SimGrid  3.15
Versatile Simulation of Distributed Systems
The SimGrid Community

SimGrid is a free software, written by a community of people.

It started as a little software to help ourselves in our own research, and as more people put their input into the pot, it turned into something that we hope to be valuable to many people. So yes. We hope that SimGrid is helping you doing what you want, and that you will join our community of happy simgriders.

Contacting the community

There are several locations where you can connect and discuss about SimGrid. If you have a question, please have a look at the documentation and examples first, but if some remain don't hesitate to ask the community for help. If you do not have a question, just come to us and say hello! We love earing about how people use SimGrid.

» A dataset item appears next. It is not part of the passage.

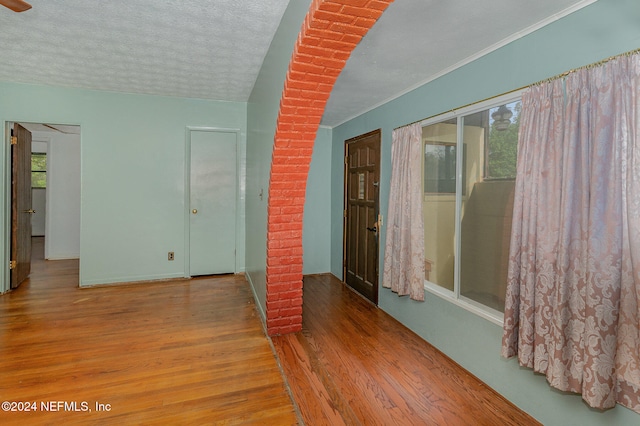 spare room featuring a textured ceiling and light hardwood / wood-style floors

  • For questions or remarks, drop us an email on the User Mailing list (to subscribe, visit the web interface); you can also check out our archives. We prefer you to not use private emails. SimGrid is an open framework, and you never know who have the time and knowledge to answer your question, so please keep messages on the public mailing list.
  • Join us on IRC and ask your question directly on the channel #simgrid at irc.debian.org (or use the ugly web interface if you don't have a real client installed).
    Be warned that even if many people are connected to the chanel, they may not be staring at their IRC windows. So don't be surprised if you don't get an answer in the second, and turn to the mailing lists if nobody seems to be there.
  • Asking your question on StackOverflow is also a good idea, as this site is very well indexed. We answer questions there too (don't forget to use the SimGrid tag in your question so that we can see it), and they remain usable for the next users.

Giving back to SimGrid

We are sometimes asked by users how to give back to the project. Here are some ideas, but if you have new ones, feel free to share them with us.

Spread the word

There are many ways to help the SimGrid project. The first and most natural one is to use it for your research, and say so. Cite the SimGrid framework in your papers and discuss of its advantages with your colleagues to spread the word. When we ask for new fundings to sustain the project, the amount of publications enabled by SimGrid is always the first question we get. The more you use the framework, the better for us.

Make sure that your scientific publications using SimGrid actually cite the right paper. Also make sure that these citations are correctly listed on our list.

You can also help us constituting an active and welcoming user community. Subscribe to the mailing lists, and answer the questions that newscomers have if you can. Point them (gently ;) to the relevant part of the documentation on need, and help them becoming part of our community too.

Another easy way to help the project is to add a link to the SimGrid homepage on your site to improve SimGrid's ranking in search engines.

Finally, if you organize a scientific event where you expect many potential users, you can invite us to give a tutorial on SimGrid. We found that 45 minutes to one hour is very sharp, but doable. It allows us to explain the main motivations and outcomes of the project in order to motivate the attendees get more information on SimGrid, and eventually improve their scientific habits by using a sound simulation framework. Here is an example of such a presentation.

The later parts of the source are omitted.